"Przysięgam przestrzegać Konstytucji zatwierdzonej przez naród wenezuelski, przysięgam to 19 kwietnia na wieczne trwanie, na Chrystusa Odkupiciela, przez Niego i dla Niego, dla ludu Wenezueli i w imię wiecznej pamięci +comandante supremo+ Hugo Chaveza" - powiedział wybrany na sześcioletnią kadencję Maduro.
Nowy prezydent otrzymał symbole szefa państwo przed portretem Simona Bolivara i Chaveza.
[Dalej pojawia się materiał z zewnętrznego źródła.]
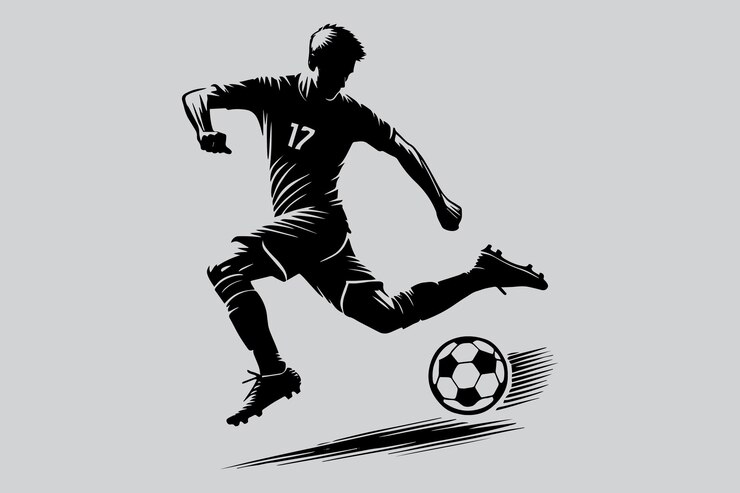 Jugador de fútbol driblando la silueta de la pelota Clipart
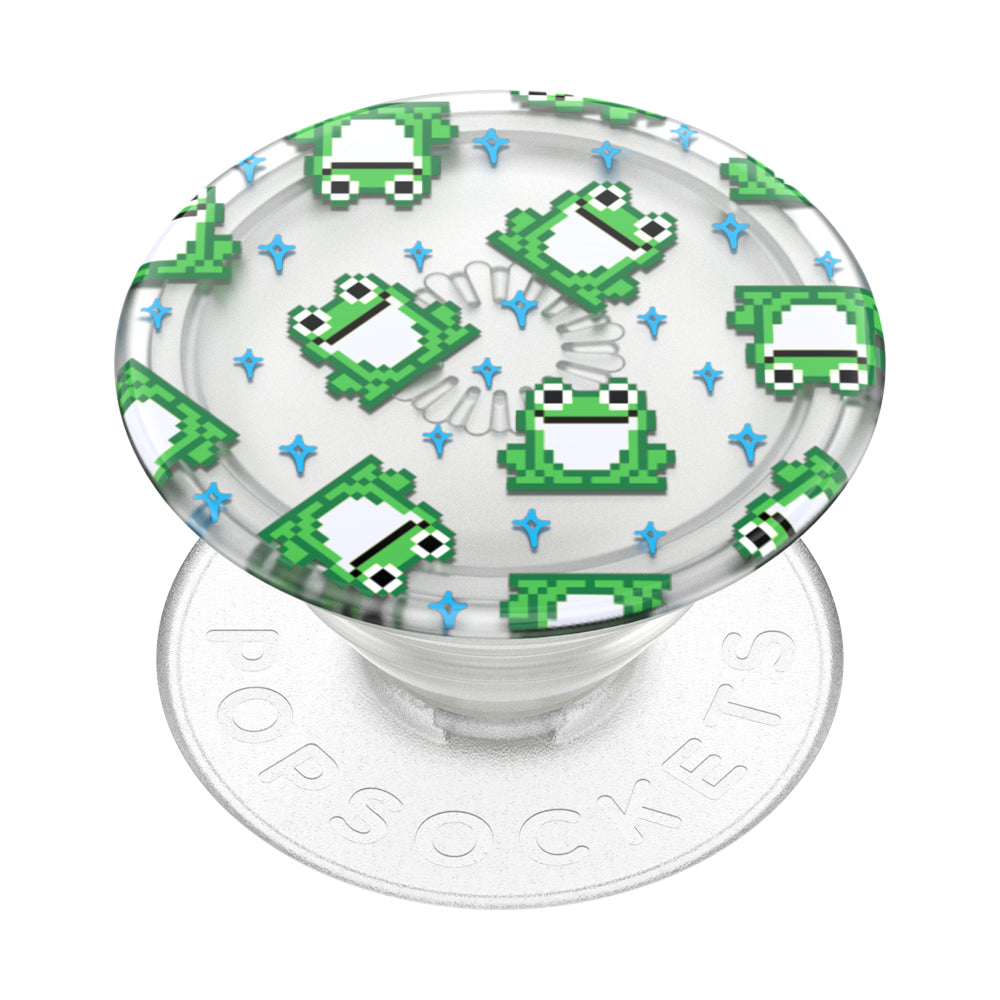 PopSockets PopGrip Plant (Gen2) - Translucent 8 Bit Frogs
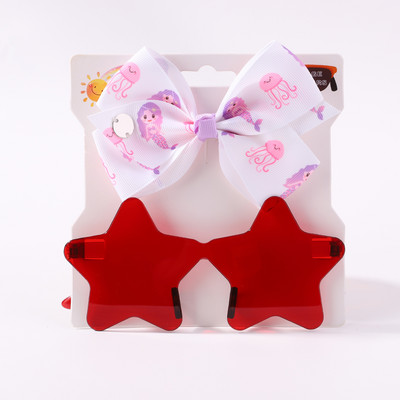 2 db/csomag Vintage Kids Nyári masni Fejpánt Kerek Napszemüveg Gyermek Napszemüveg Védőszemüveg Baba Gyerek Haj Kiegészítők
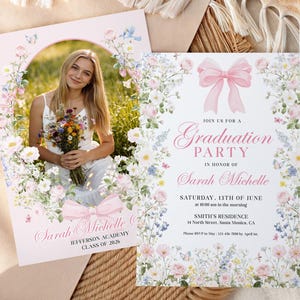 Wildflower graduation invitation and matching photo card with pink bow, printable 5x7 Canva template.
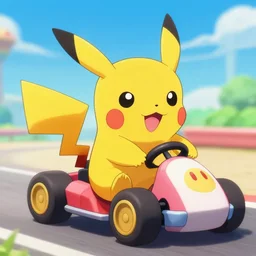 a still of kirby pikachu from mario kart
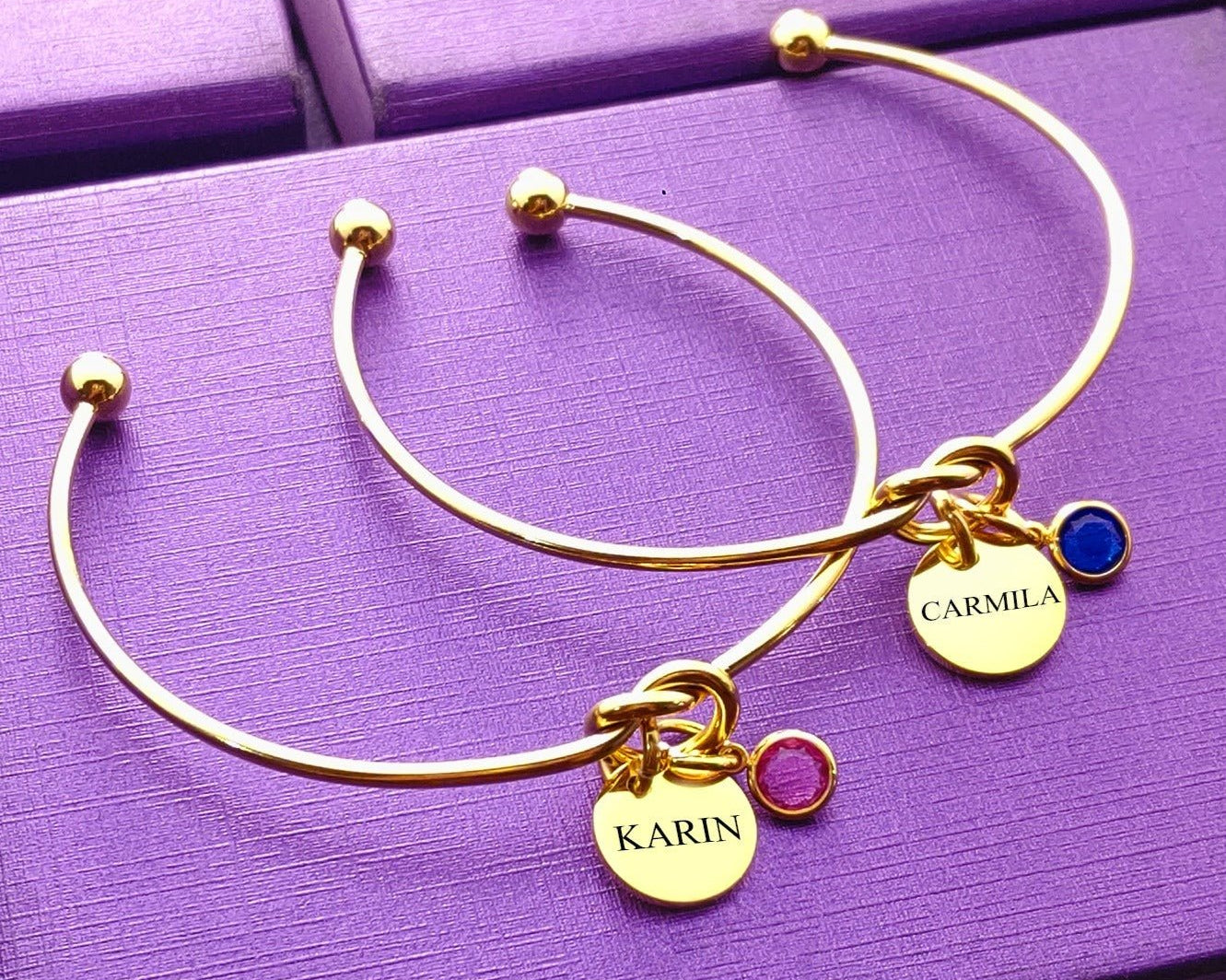 BUY ONE GET ONE Knot Bangle with Disc Charm & Birthstone - Deal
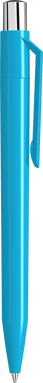 UMA ON TOP polished balpen met metalen knop - Cyan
Na prośbę przewodniczącego Zgromadzenia Diosdado Cabello w założeniu Maduro prezydenckiej szarfy pomagała córka zmarłego prezydenta, Maria Gabriela Chavez.
Uroczystość na krótko zakłóciło wtargnięcie na podium, na którym Maduro wygłaszał inauguracyjną mowę, mężczyzny w czerwonej marynarce. Zdążył przedstawić się prezydentowi: "Nicolas, nazywam się Yohendri, pomóż mi proszę". Intruz usiłował wyrwać prezydentowi mikrofon, ale szybko został wyprowadzony przez ochroniarzy, a Maduro stwierdził, że "bezpieczeństwo całkowicie zawiodło. Łatwo mogli mnie zastrzelić". Po czym kontynuował przemówienie w obecności przywódców Brazylii, Iranu i Argentyny.
Państwowa telewizja transmitująca zaprzysiężenie pokazała w tym momencie salę Zgromadzenia, gdzie zasiadały dziesiątki zwolenników Chaveza, aby po chwili wznowić obraz Maduro.
Na piątkową uroczystość przybyło do Caracas 17 szefów państw i rządów oraz 60 zagranicznych delegacji.
Uroczystość w Zgromadzeniu Narodowym rozpoczęła się wkrótce po godzinie 11 czasu miejscowego.
Mimo iż opozycja zakwestionowała wynik wyborów i zażądała ponownego, szczegółowego przeliczenia głosów, przywódcy UNASUR, Unii Krajów Południowoamerykańskich, zgromadzeni w czwartek wieczorem na nadzwyczajnym szczycie w Limie pogratulowali Nicolasowi Maduro wyboru na prezydenta.
W godzinach rannych ulice Caracas sprawiały wrażenie opustoszałych, jedynie grupki zwolenników "rewolucji boliwariańskiej" w charakterystycznych czerwonych koszulach gromadziły się ze sztandarami, aby wziąć udział w uroczystości zaprzysiężenia nowego prezydenta, po której zaplanowano wielką defiladę wojsk lądowych i powietrznych.
Przywódca opozycji i jej kandydat w wyborach Henrique Capriles Radonski wezwał swych zwolenników, aby zignorowali uroczystość zaprzysiężenia Maduro i "posłuchali sobie raczej w tym czasie muzyki, najlepiej salsy".